Having sat on a shelf in Hollywood for more than three decades, Tony Palmer’s intimate and elliptic documentary of Cohen on a European tour in 1972 has been preened, polished and digitally remastered by the director for its DVD debut. It’s an extraordinary study of an artist at work and the impact he has on his followers, but it’s a million miles from the happy-go-lucky japes of A Hard Day’s Night.
Palmer’s unobtrusive filming style, for which he would earn worldwide praise with the release of his marathon All You Need Is Love series a few years later, is perfectly suited to an enigmatic figure such as Cohen. There’s no real attempt to plug any new product (the singer had recently released his Songs Of Love & Hate album), instead the cameras eavesdrop on live shows in Dublin, London, Paris, culminating in Tel Aviv, which includes frightening footage of heavy-handed security attacking fans.

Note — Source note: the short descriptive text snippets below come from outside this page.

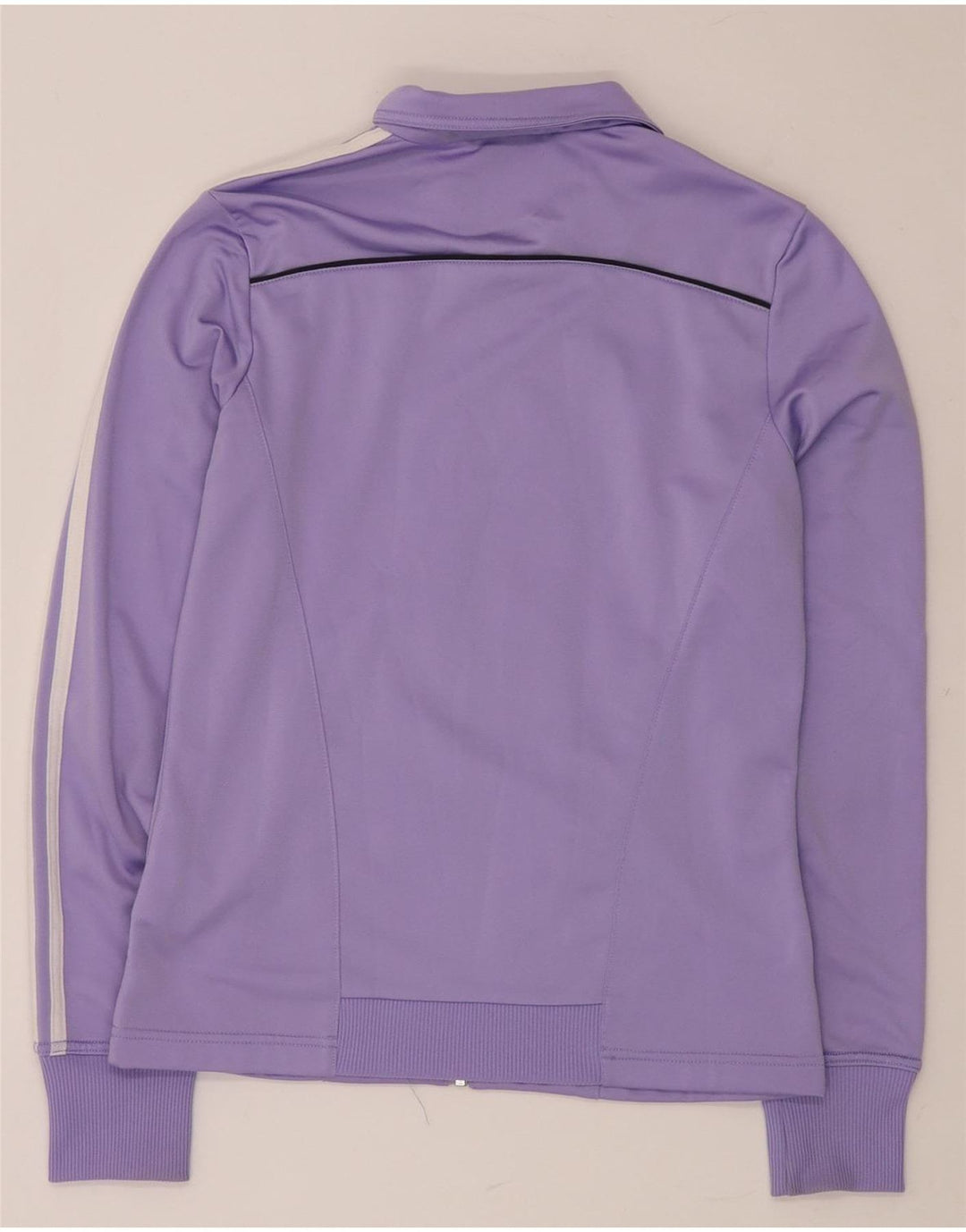 Giacca da tuta da donna ADIDAS UK 12 poliestere viola medio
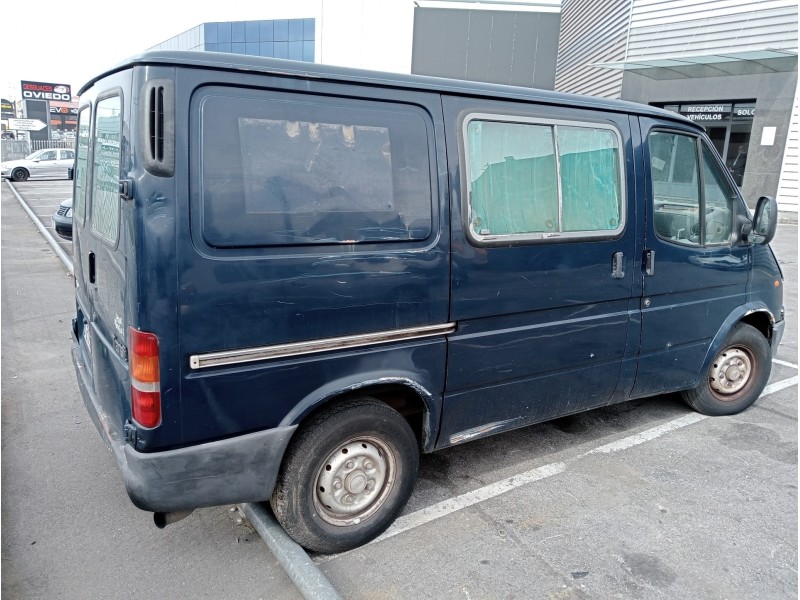 ford transit, caja cerr. corto 95 del año 1996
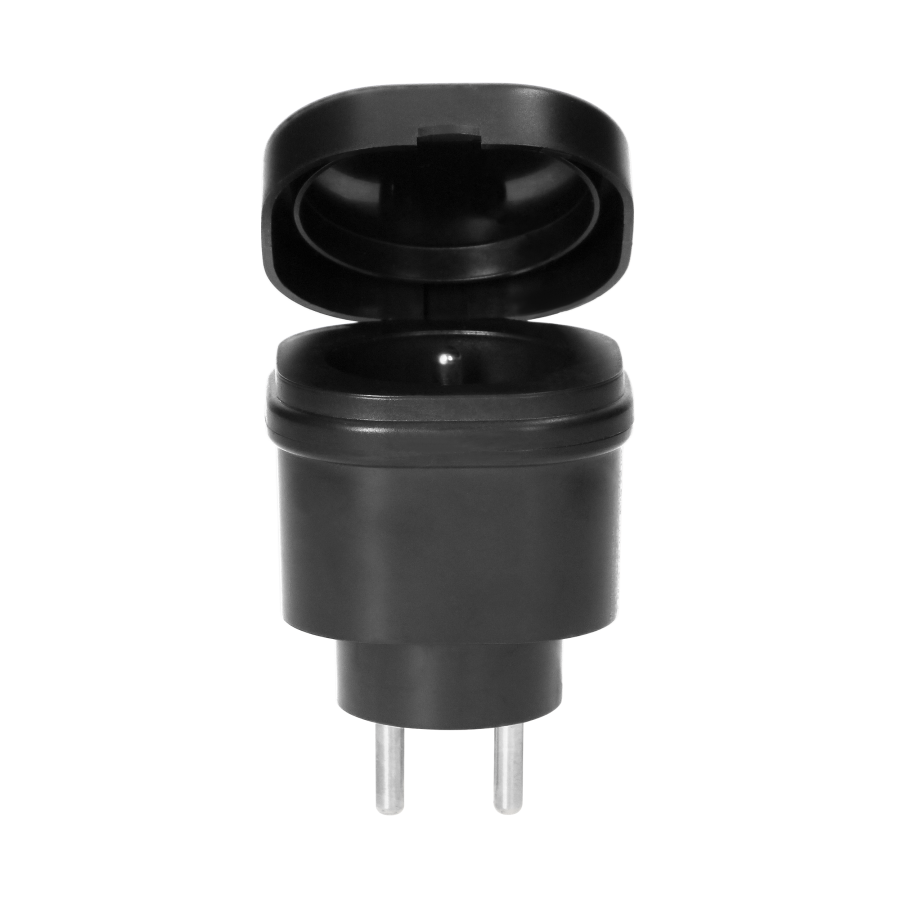 Outdoor wireless power socket with radio receiver, IP44, ORNO Smart Home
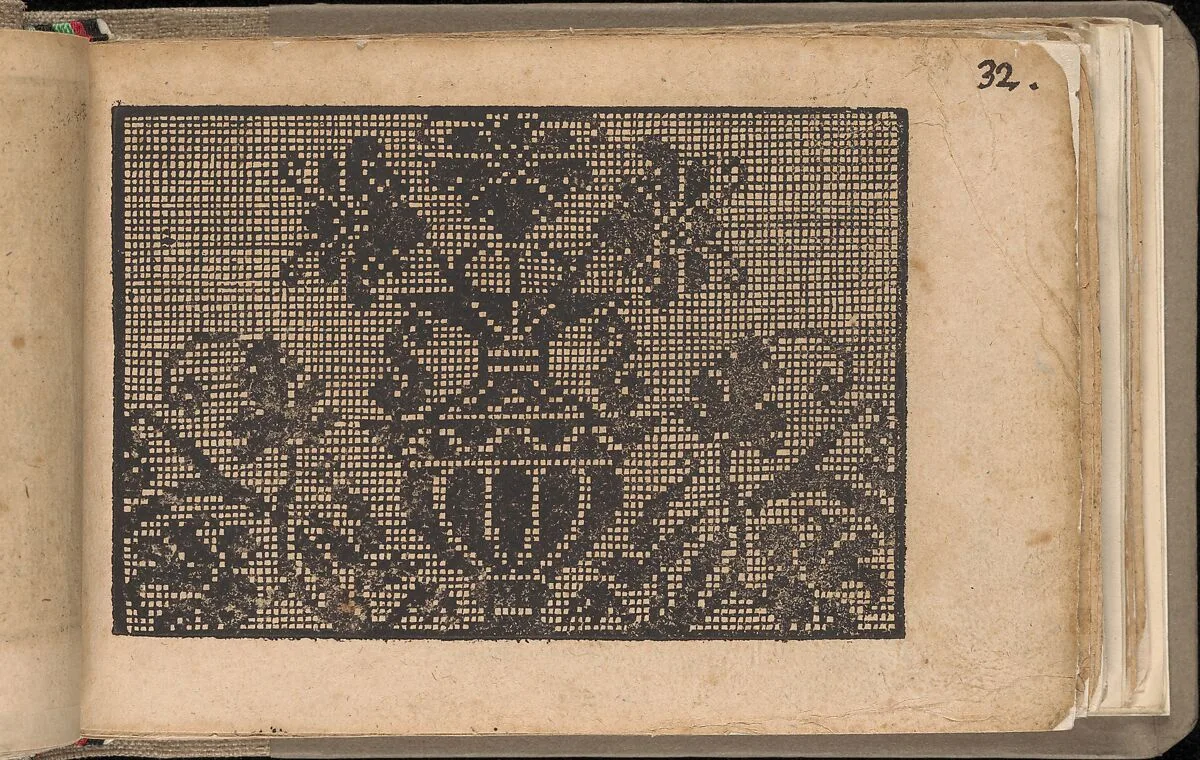 Schön newes Modelbuch (Page 32r) — Sigismundus Latomus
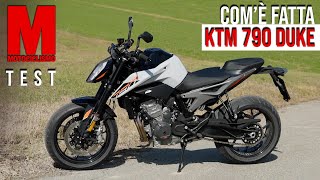 KTM 790 DUKE: ecco come è fatta DA VICINO!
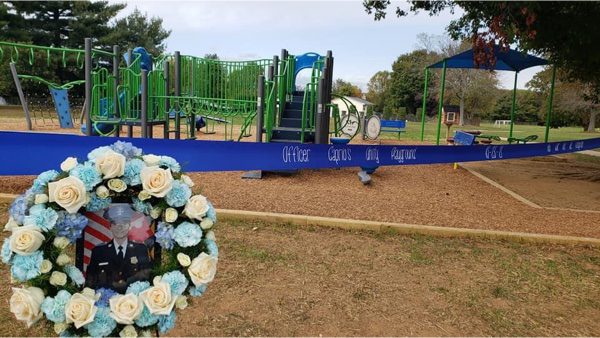 Officer Caprio Unity Playground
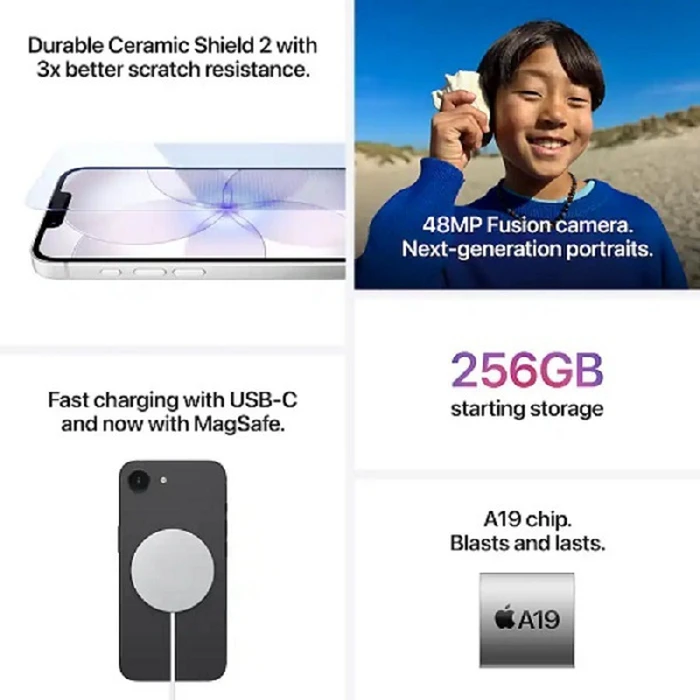 Apple iPhone 17e (8/256GB) Black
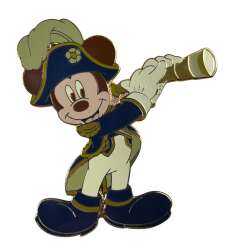 Seven Lands Frame Set - Admiral Mickey ONLY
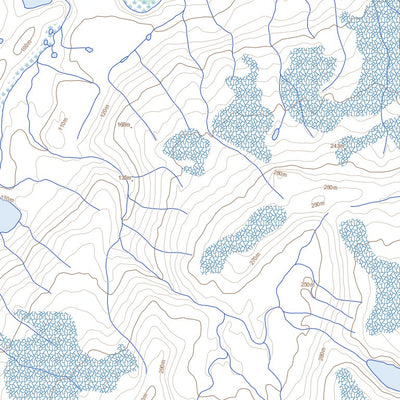 Natural Resources Canada Gordon Point (088B03 Toporama) digital map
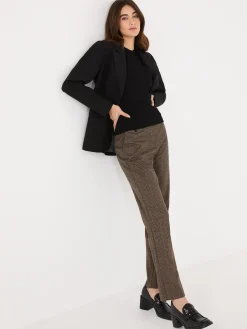 Sleeveless Ribbed Sweater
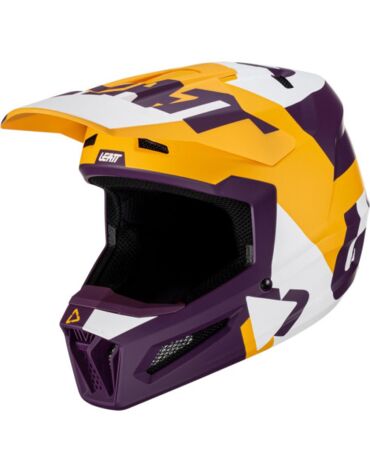 Мотошлем Leatt Moto 2.5 Indigo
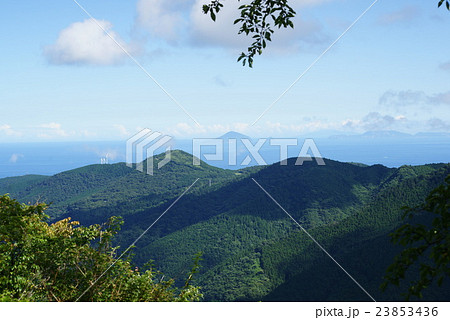 天城連山からの景色 天城連山からの景色 23853436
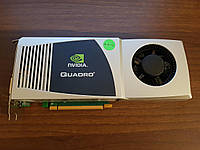 Мощная профессиональная видеокарта NVIDIA GeForce QUADRO FX 4800 1.5GB 384bit DX10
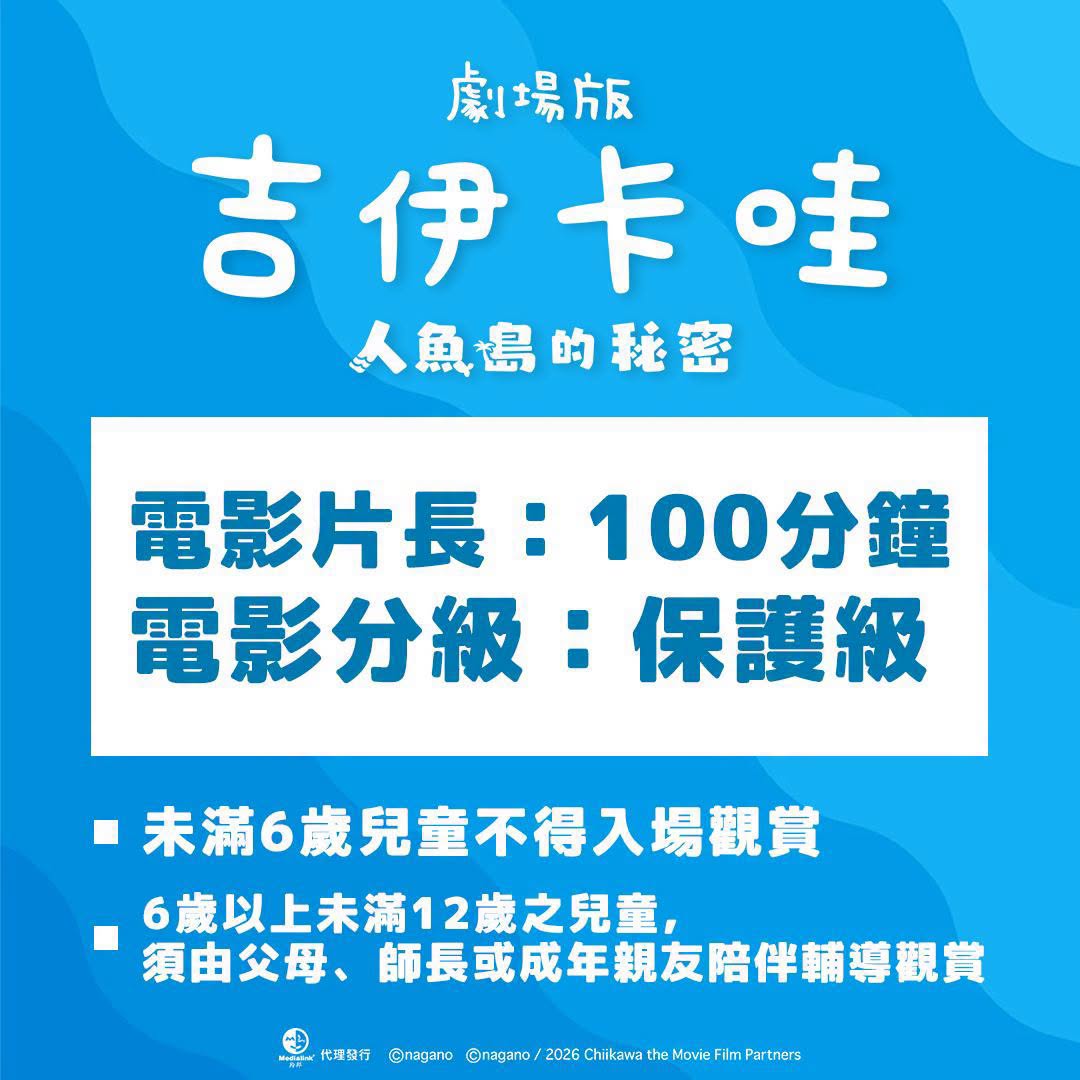 吉伊卡哇,電影,特典,劇場版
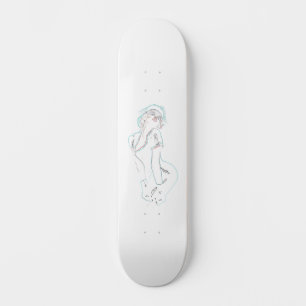 Pin Up Skateboard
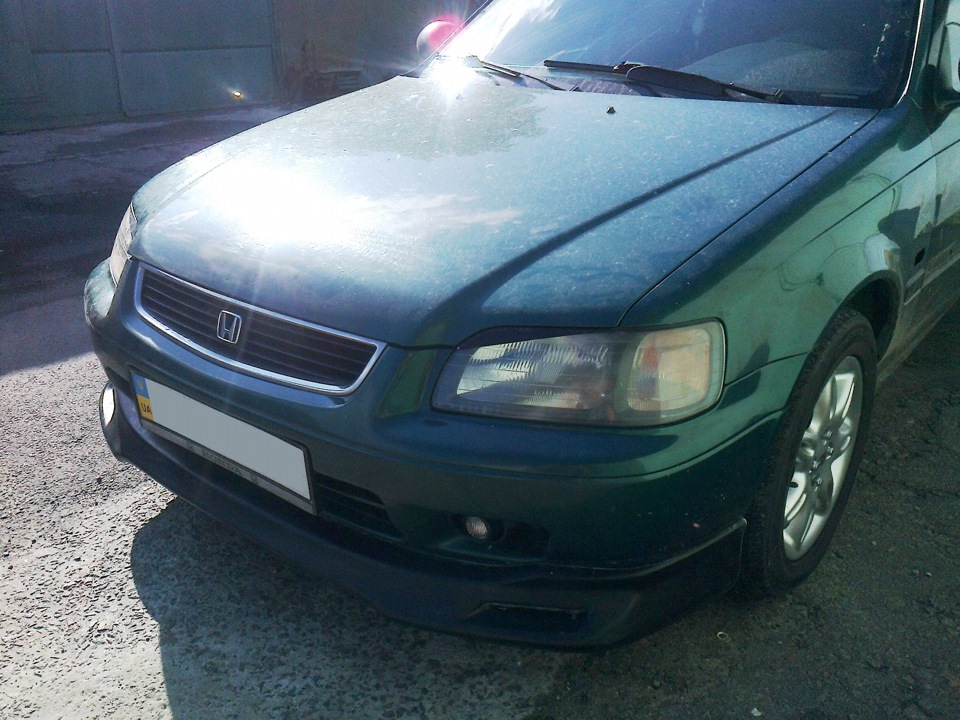 губа і вії на civic MA, MB, MC... 3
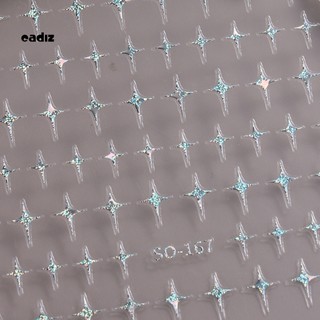 Nhãn Dán Móng Tay 3D Lấp Lánh Siêu Mỏng DIY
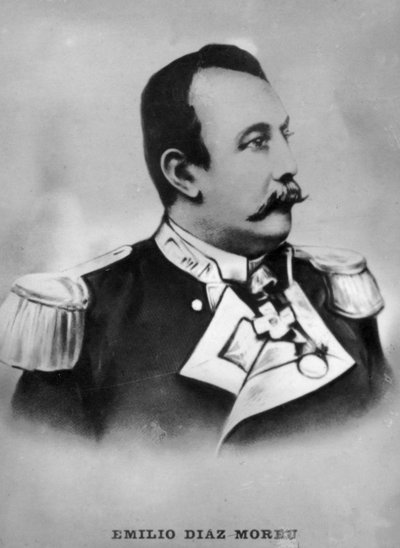 Emilio Diaz Moreu, um 1910 von Unbekannt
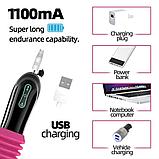 Секс-машина с пультом управления розовая и фиолетовая, фото 6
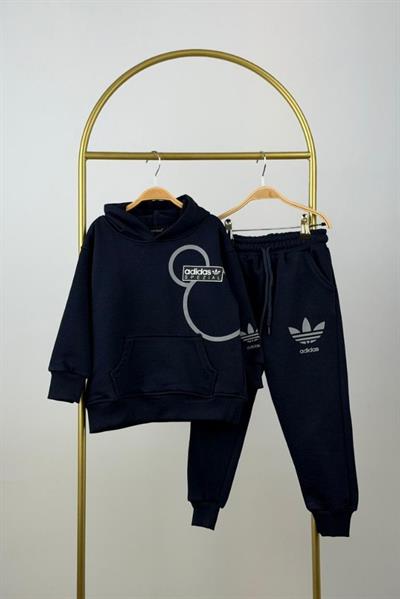 Spezial Spor Logo Baskılı Eşofman Takımı
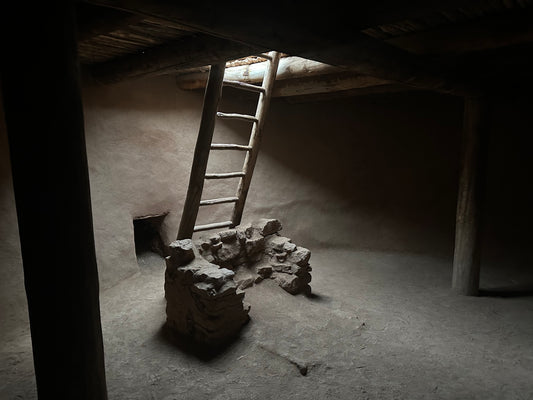 The Kiva at Pecos Pueblo: A Portal to Ancient Wisdom and Community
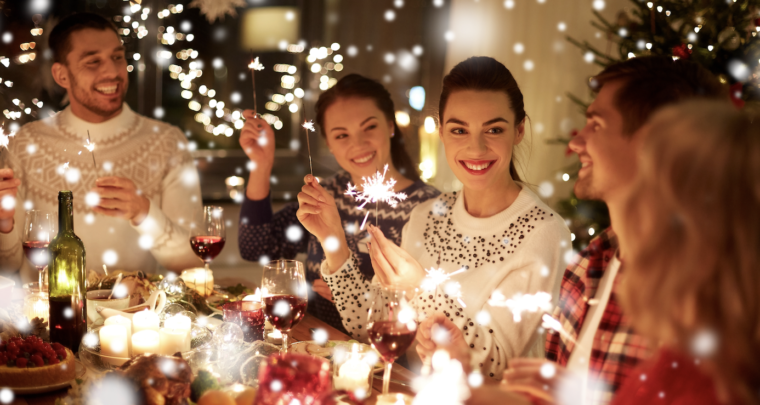 8 Holiday Party Tips from Cooking Channel’s Alie Ward & Georgia Hardstark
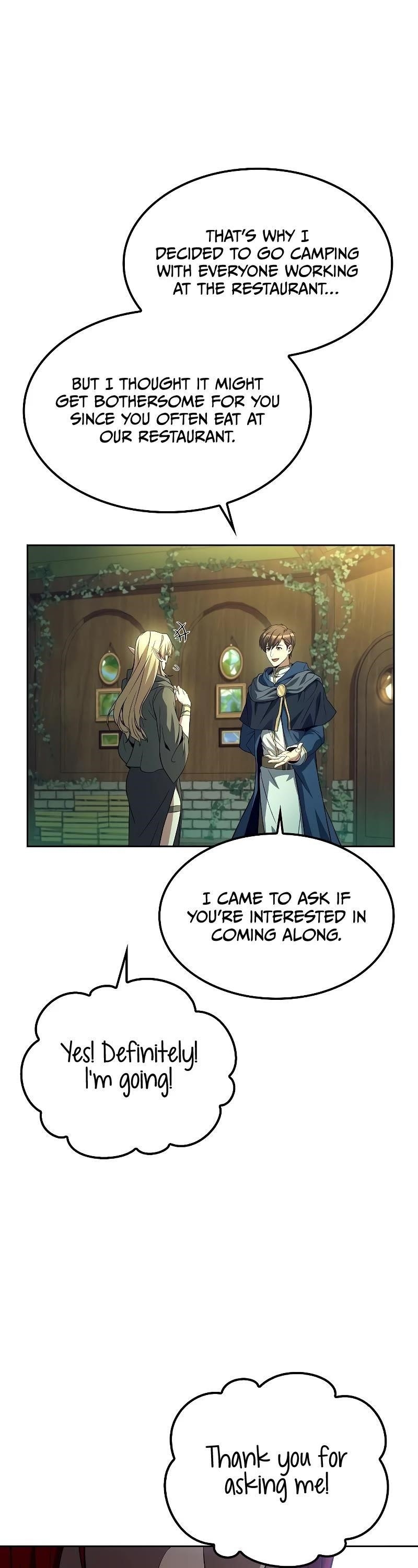The Archmage’s Restaurant Chapter 62 - Page 18 in English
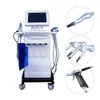 Facial Machine Hydra Dermabrasion Skin Cleansing Hydrofacial Face Treatment Ultrasound RF Hydro Microdermabrasion Oxygen Gun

Cohen drifts throughout the proceedings less like a beloved musician and more like an academically-inclined guru, granting personal audiences to like-minded poets and writers. Yet he tends to brush off any suggestions by Palmer that he’s some kind of charismatic voice of wisdom, seemingly uncomfortable with the excitement his arrival in each city creates. He’s not the most forthcoming of interview subjects, but Palmer’s lens still manages to deliver a curiously revealing portrait.